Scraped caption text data
>>>>>
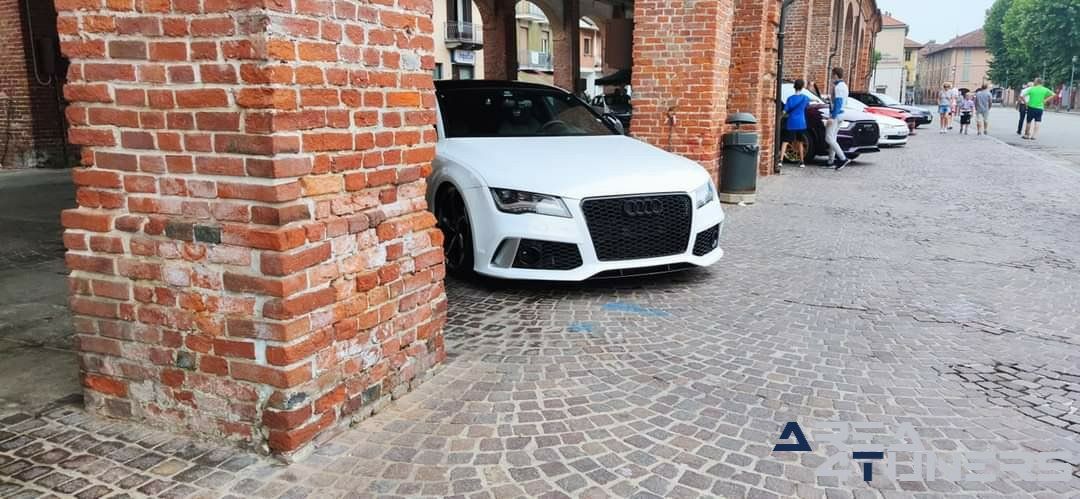 Carma Meeting Cars 2k21
Imagen del reportaje de la revista Tuning Area4tuners.es, de la
concentración de coches Tuning del año 2021 en Carmanogla Italia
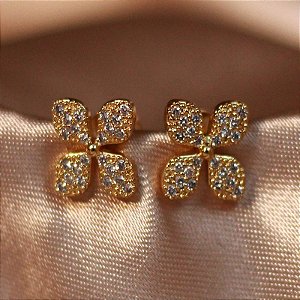 Brinco Flor Pétalas de Microzircônias Banhado A Ouro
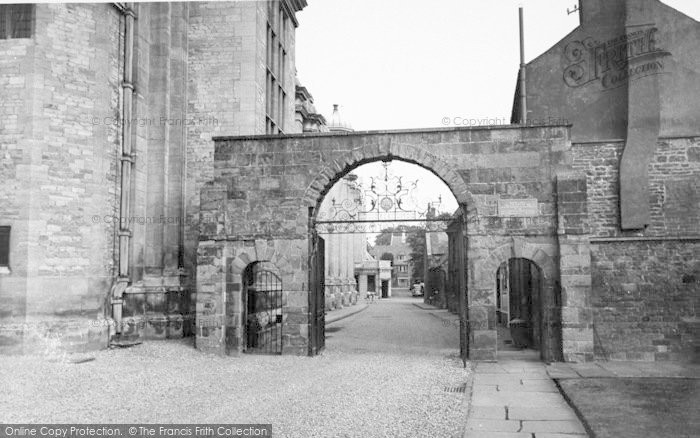 Photo of Uppingham, School, Mason Gates c.1960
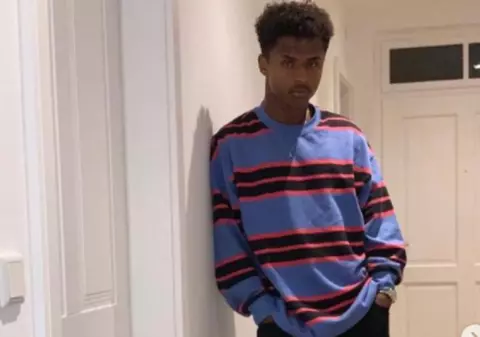 Lecția de viață a unei românce pentru fiul ei german: „Fără fete pe parcursul nopții și nu ai voie la antrenament, dacă nu faci curățenie! ”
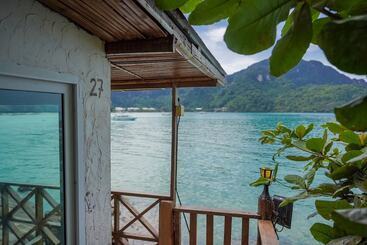 هتل Phi Phi Cozy Seafront Resort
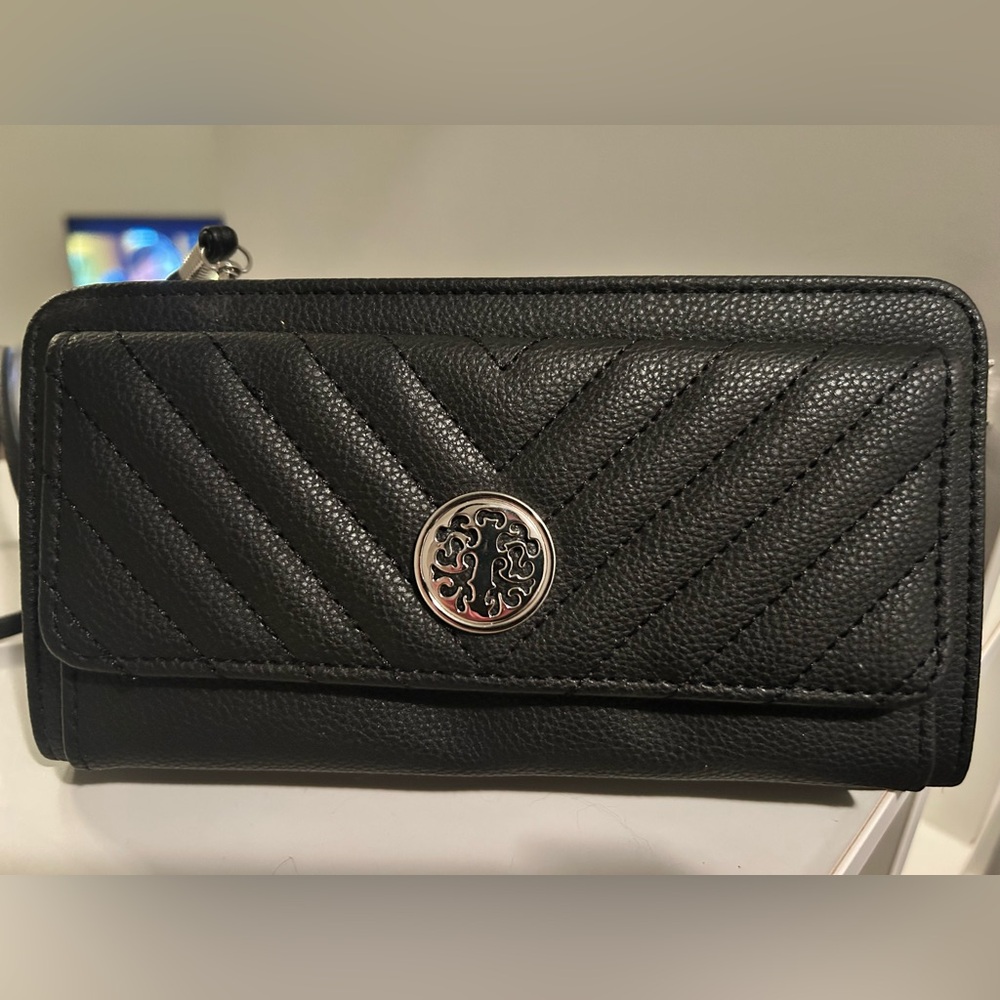 Elegant Black Quilted Women's Bag
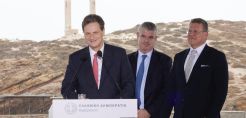 Ταμείο Απανθρακοποίησης Νησιών: Επιδοτήσεις 490 εκατ. ευρώ για ΑΠΕ, υβριδικά συστήματα, μπαταρίες και αυτοπαραγωγή – Επενδυτική ενίσχυση 260 εκατ. ευρώ για πλωτό υπεράκτιο πάρκο 
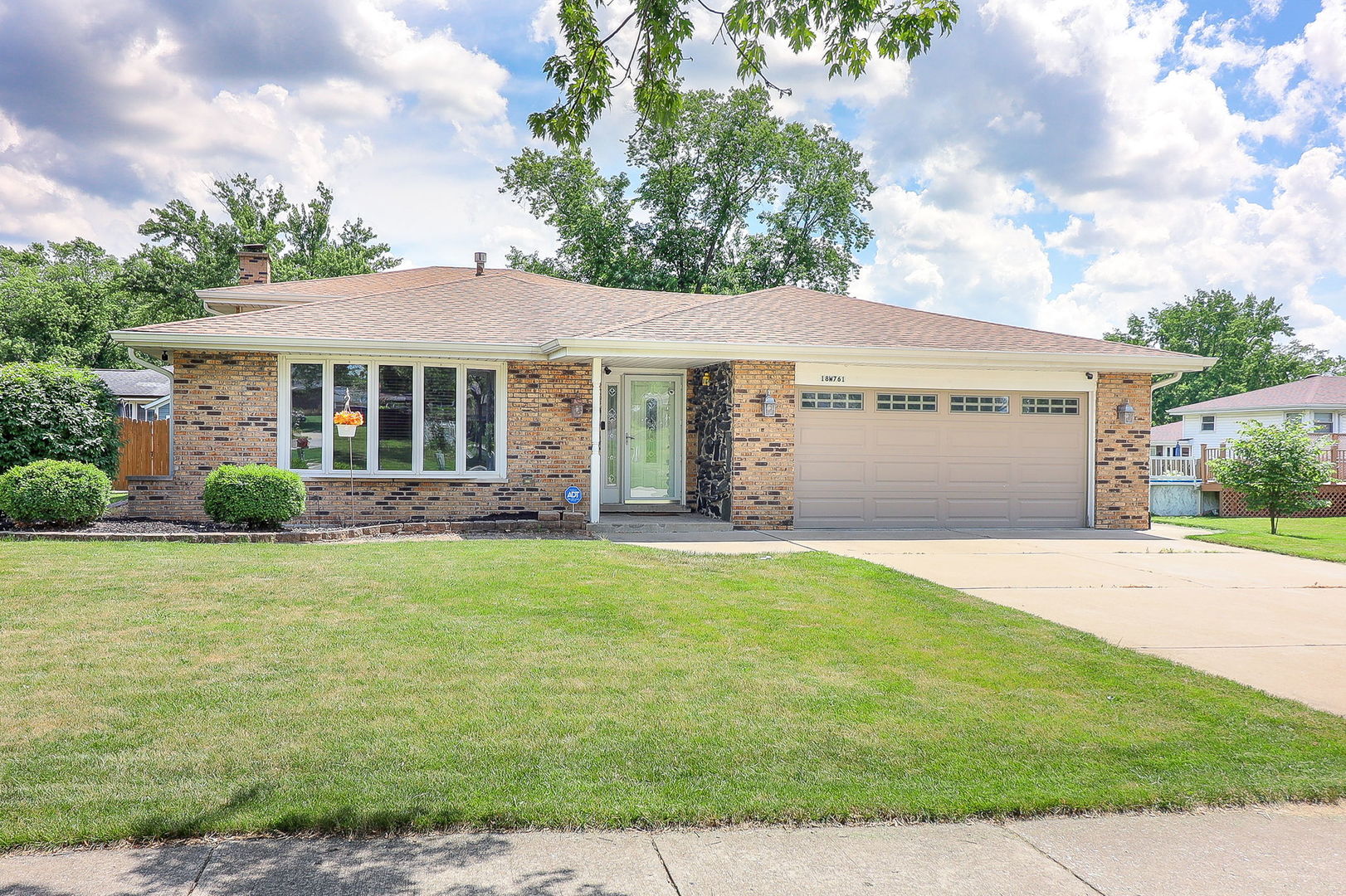 18W761 83rd Street, Downers Grove, IL 60516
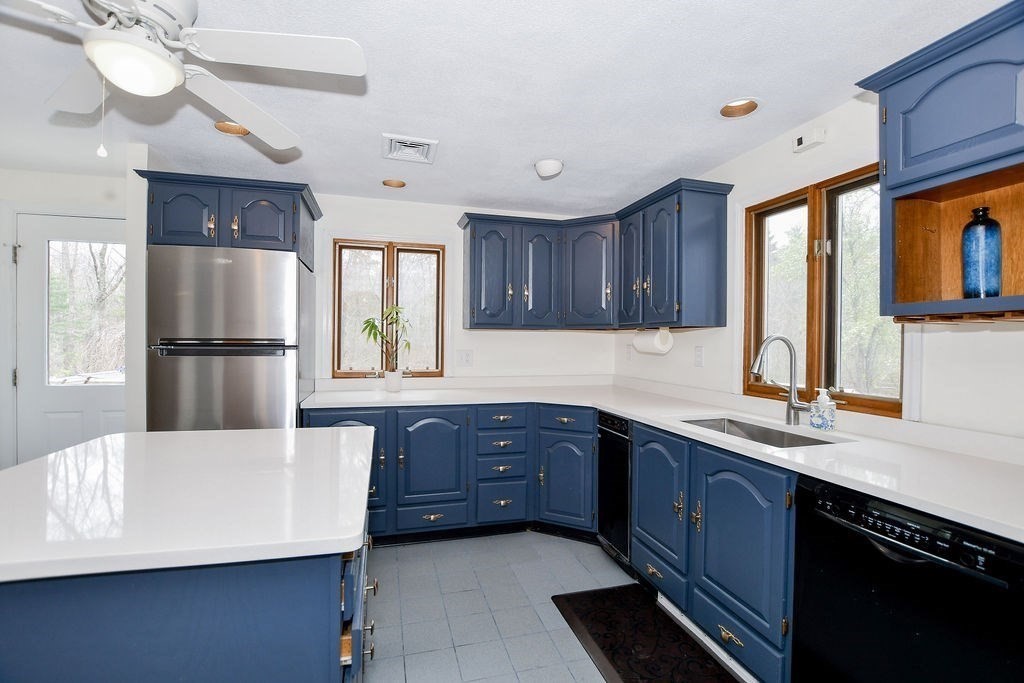 27 Arbor Road Holbrook, MA 02343 - Photo 7 of 30 Gallery Image 7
<<<<<
What to work on »
Leave out every picture, and repeat word for word only the lines from the one holding "Ταμείο Απανθρακοποίησης Νησιών: Επιδοτήσεις" through the end of the entries above, both ends included.

Written answer »
 Ταμείο Απανθρακοποίησης Νησιών: Επιδοτήσεις 490 εκατ. ευρώ για ΑΠΕ, υβριδικά συστήματα, μπαταρίες και αυτοπαραγωγή – Επενδυτική ενίσχυση 260 εκατ. ευρώ για πλωτό υπεράκτιο πάρκο 
 18W761 83rd Street, Downers Grove, IL 60516
 27 Arbor Road Holbrook, MA 02343 - Photo 7 of 30 Gallery Image 7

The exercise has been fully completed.